Nach Abendblatt-Informationen hat der Zentrale Koordinierungsstab Flüchtlinge (ZKF) bereits 1500 Flächen in der Kartei. Sie wurden entweder bereits geprüft, werden aktuell untersucht oder wurden bebaut. Auf der anderen Seite erreichen die Stadt allein per E-Mail bislang etwa 60 Vorschläge im Monat von Eigentümern und Privatleuten. Sie sollen von April an direkt in dem digitalen Modell „City Scope“ eingepflegt werden. „Wir nehmen bereits seit der Ankündigung des Bürgermeisters einen leichten Anstieg der Vorschläge wahr“, sagt die ZKF-Sprecherin Christiane Kuhrt.
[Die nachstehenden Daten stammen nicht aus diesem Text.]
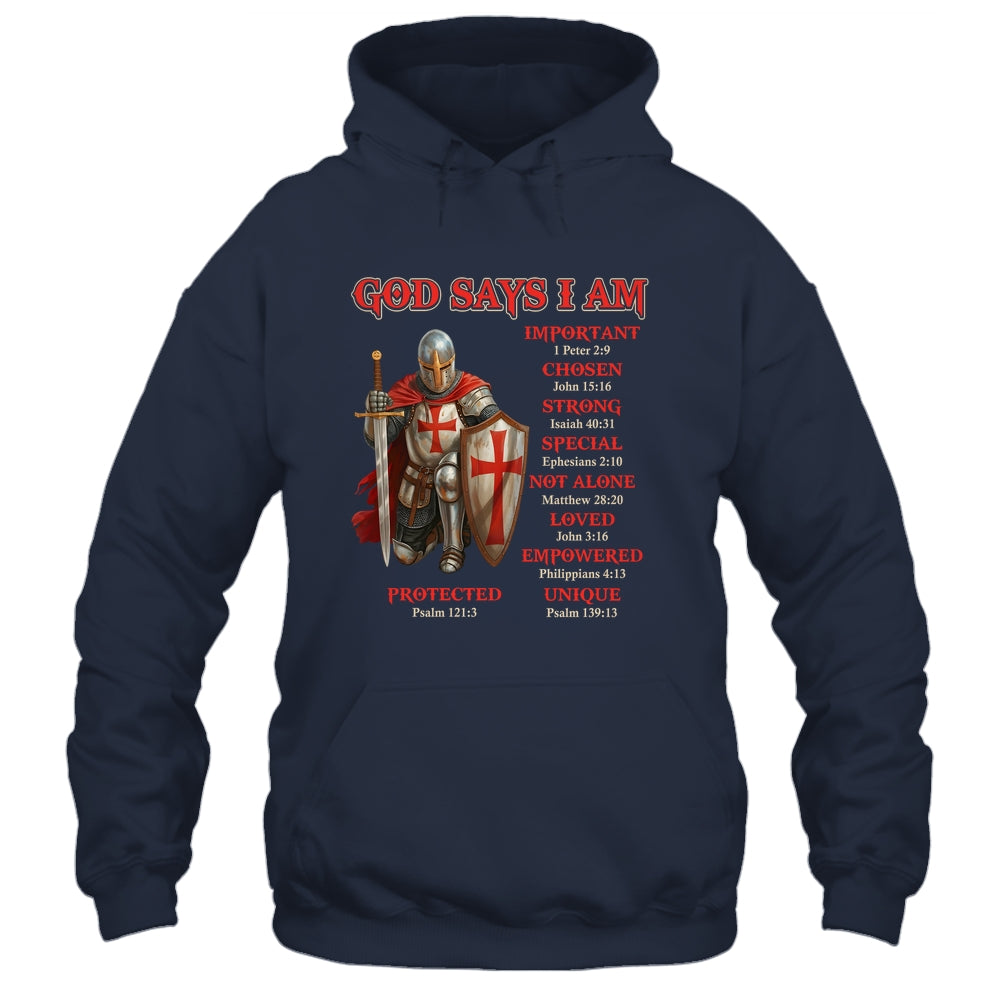 God Says I Am Knight Templar Christian Men Warrior Of God Shirt & Hoodie | siriusteestore
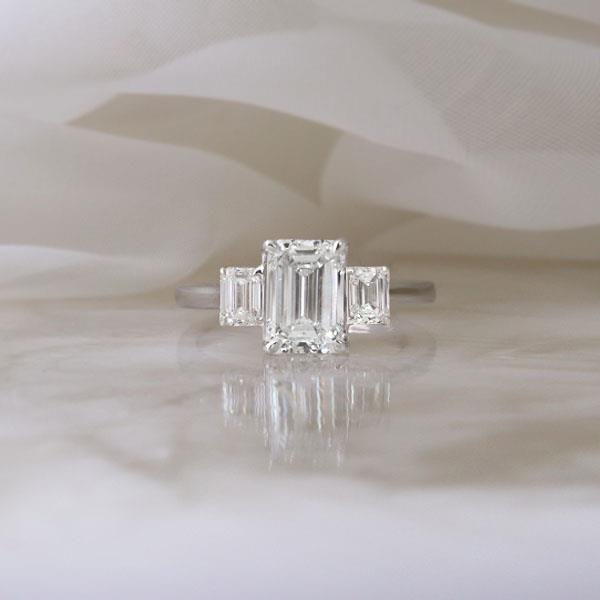 Diamond 3 Stone Emerald Cut Engagement Ring - LG 2.63cttw (37297)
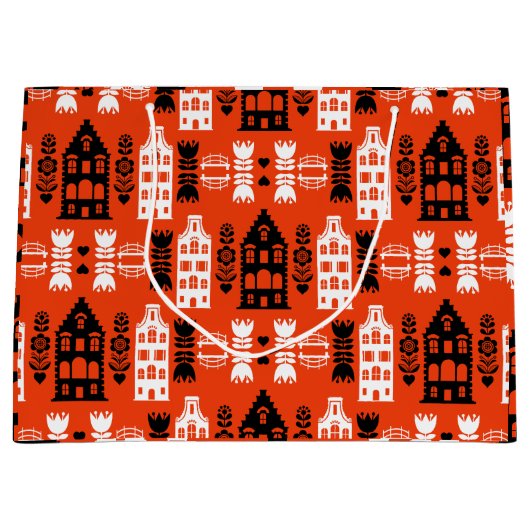 Niederländisch Folk Art Print Große Geschenktüte (Vorderseite)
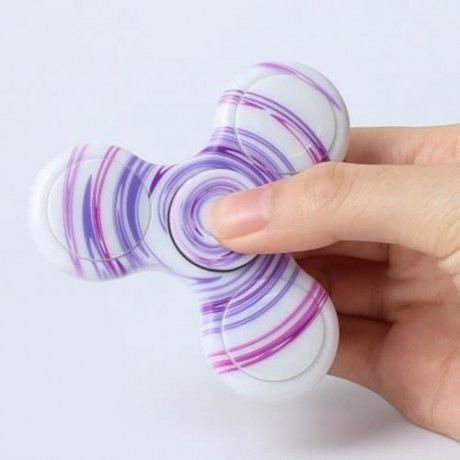 ANTI-STRESS TOY PLASTIC PATTERNED FIDGET SPINNER (LIGHT PURPLE)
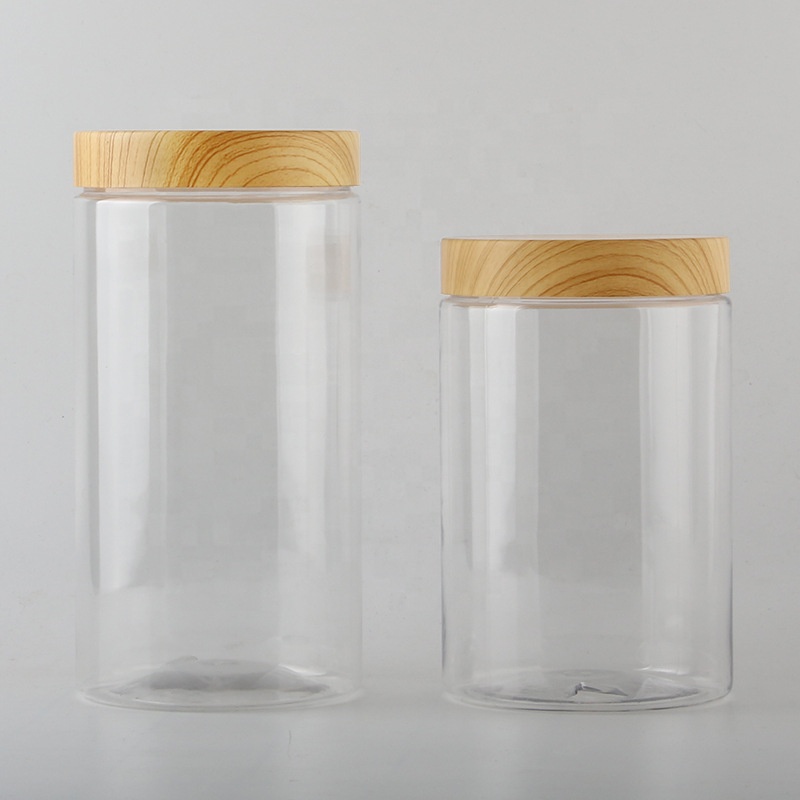 150ml 250ml 500ml big size clear frosted PET plastic cosmetic packaging empty facial mask jars with bamboo screw lid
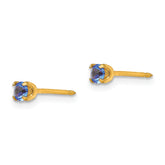 14k Gold September Birthstone Blue Crystal Stud Earrings for Women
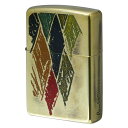 絶版/ヴィンテージ Zippo ジッポー 【中古】 2007年製造Paul Smith 真鍮 カラフルアーガイル柄 エッチング4色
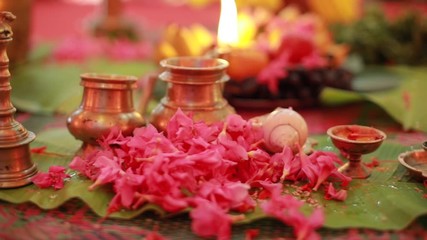 Traditional south Indian brass oil lamp 'Nilavilakku '. During events like housewarming, marriage etc., the Nilavilakku is lighted before starting the rituals. This video is taken during a wedding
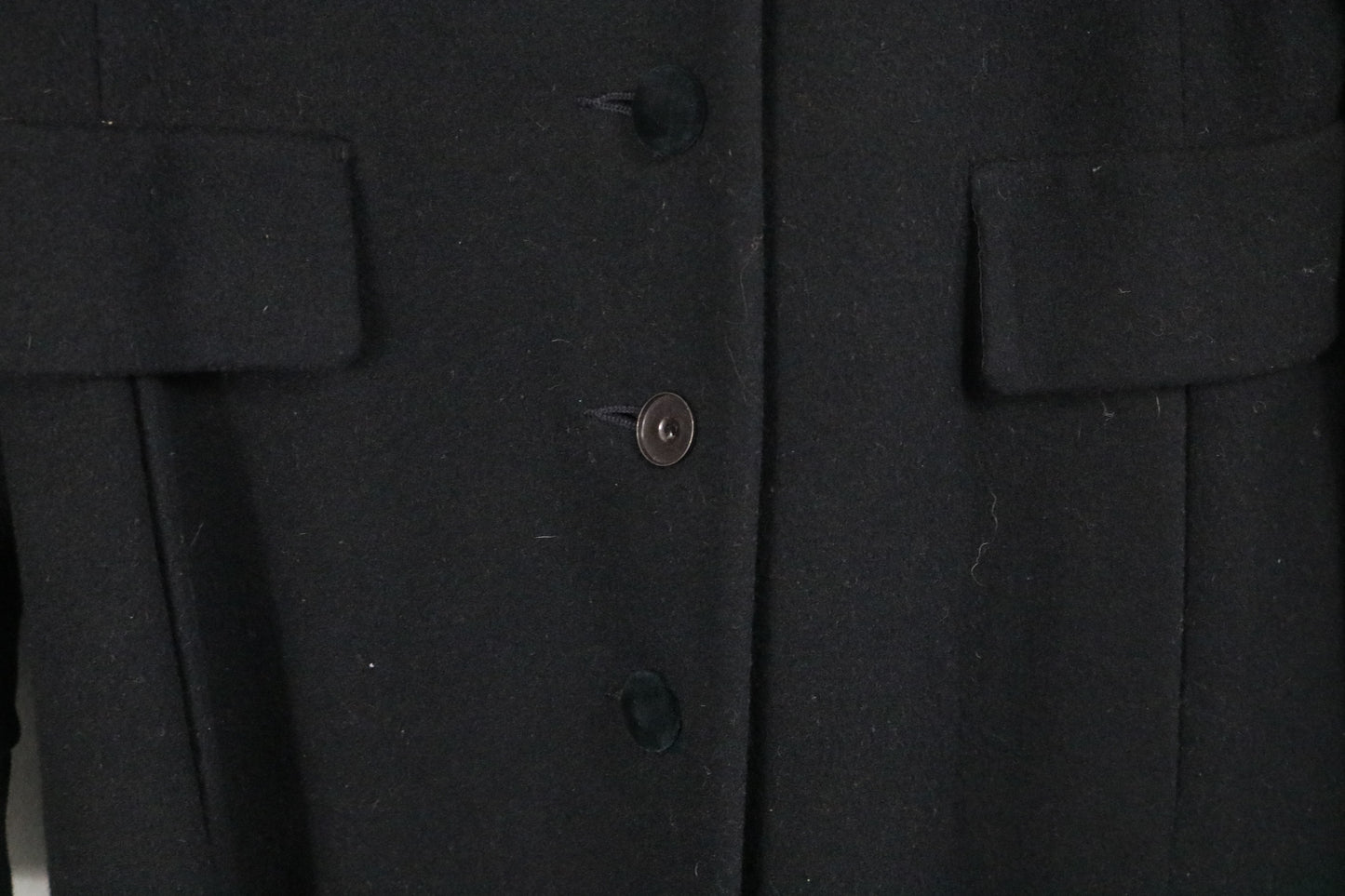 Halston Coat | Vintage Black Velvet-Collar Long Coat | Classic Outerwear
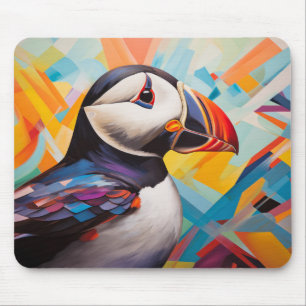 Tapis De Souris Puffin Animal Bird Portrait Peinture colorée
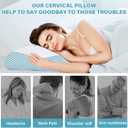 2 Pack Memory Foam Cooling Bed Pillows for Sleeping, Ergonomic Cervical Pillow for Neck and Shoulder Pain Relief, Adjustable Cold Pillow Set of 2,with PillowcaseBlue
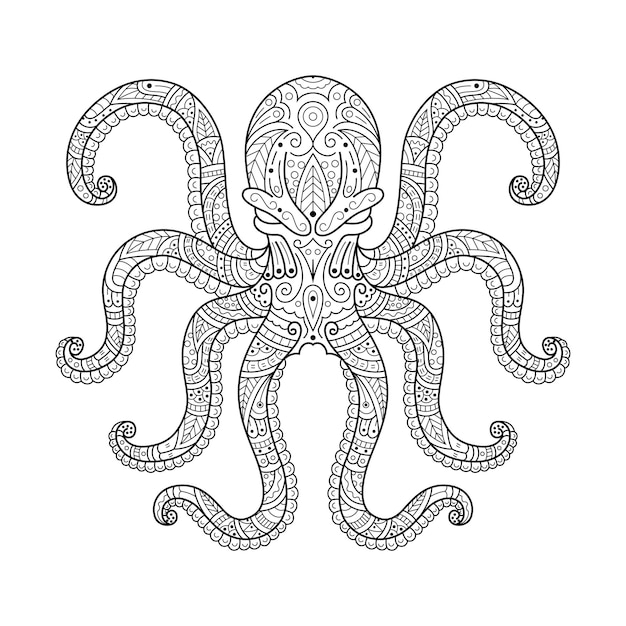 Dessiné à la main de kraken dans un style zentangle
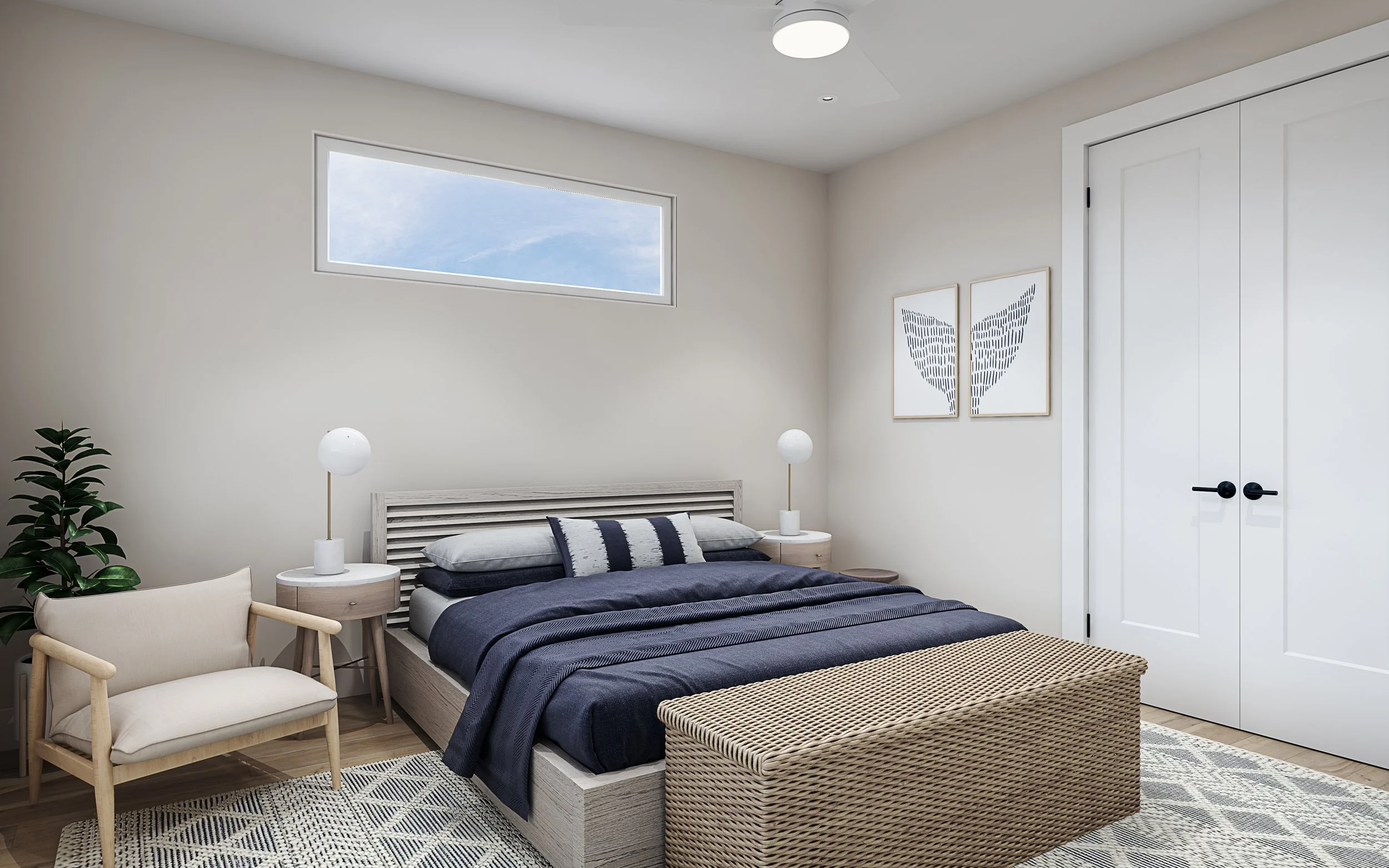 A modern bedroom with a large bed, navy bedding, two white nightstands with spherical lamps, a beige woven bench at the foot of the bed, a light armchair with wooden arms, a plant in the corner, window on the above wall, and two framed abstract art p
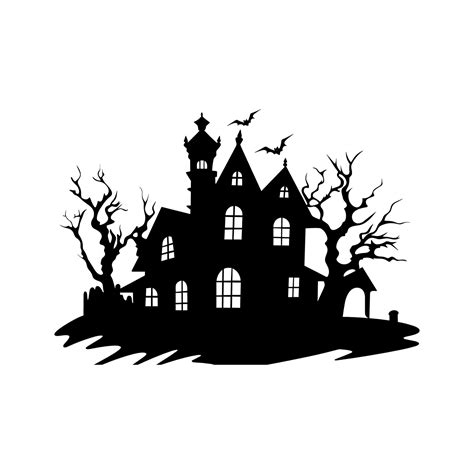 A Scary Haunted House Silhouette Vector isolated on a white background 35062790 Vector Art at ...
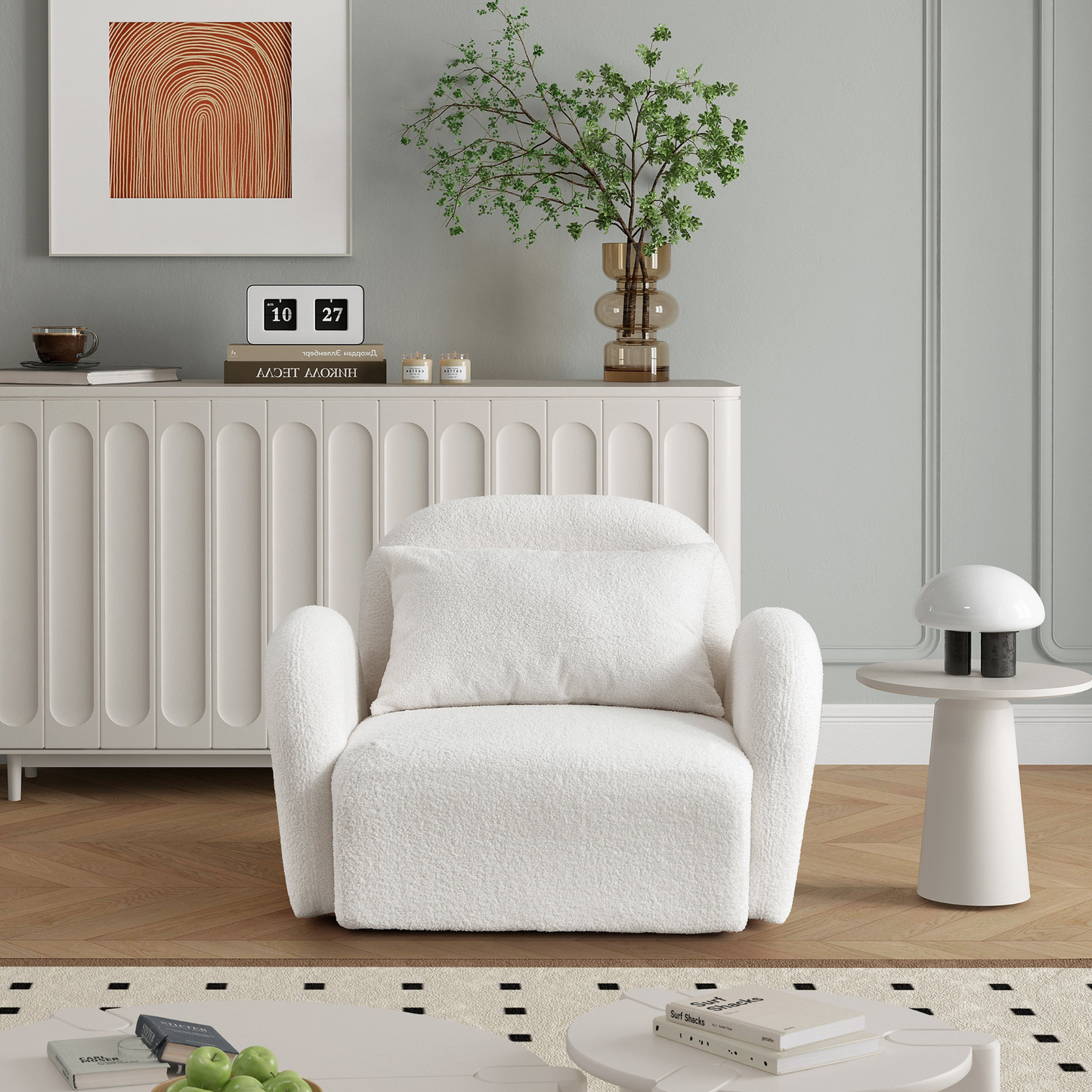 Sofa & Chair sets | Living Room Furniture Lazy Sofa Chair Teddy Fabric White | casafoyer.myshopify.com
Große Liste: Hier baut Hamburg Flüchtlingsunterkünfte

Bislang wurde aber nur etwa jeder zehnte Standort in der Prüfung tatsächlich als geeignet angesehen. Neben den räumlichen Mindestkriterien führen eine Reihe von Faktoren dazu, dass Standorte nicht bebaut werden können. Das Abendblatt fragte nach der Verfügbarkeit von mehr als 20 bekannten, zumeist leerstehenden Flächen und Gebäude in allen sieben Bezirken. Keines ist nach aktuellem Stand für Flüchtlinge nutzbar:
Die Meenkwiese an der Grenze von Eppendorf und Winterhude soll für den regulären Wohnungsbau genutzt werden und scheidet deshalb für Flüchtlingsunterkünfte aus.
Das Harburg Center an der Knoopstraße, das seit 2007 größtenteils leer steht, wird nicht weiter geprüft. Ein Antrag der Grünen, das Gebäude im Privatbesitz für Flüchtlinge zu beschlagnahmen, fand im Bezirk keine Mehrheit.
Die Hinschwiese in Niendorf wird ebenfalls kein Standort. Sie ist in privater Hand, im Fluglärmschutzgebiet und ist als Erweiterungsfläche für die Modekette Tom Tailor planerisch vorgesehen. „Der Bezirk wird dort nicht die Arbeitsplätze gefährden“, sagt der Eimsbütteler Bezirksamtsleiter Torsten Sevecke (SPD).
Die Grünfläche zwischen Bahnlinie und B 75 (Meiendorfer Straße) zwischen Hofstückenweg und Jarnostraße im Bezirk Wandsbek wurde als nicht geeignet abgelehnt, da sie im Naturschutzgebiet Stellmoorer Tunneltal liegt. Dort sind Unterkünfte nicht zulässig.
Der Bezirk Mitte teilt auf Anfrage mit, dass Flächen wie das brachliegende Esso-Areal und das ehemalige Schwimmbad auf St. Pauli ebenso wie das Allianz-Gebäude am Großen Burstah (Altstadt) derzeit nicht infrage kommen. Eine Flüchtlingsunterkunft sei an den Standorten entweder nicht zulässig, oder es sei bereits eine andere Nutzung vorgesehen.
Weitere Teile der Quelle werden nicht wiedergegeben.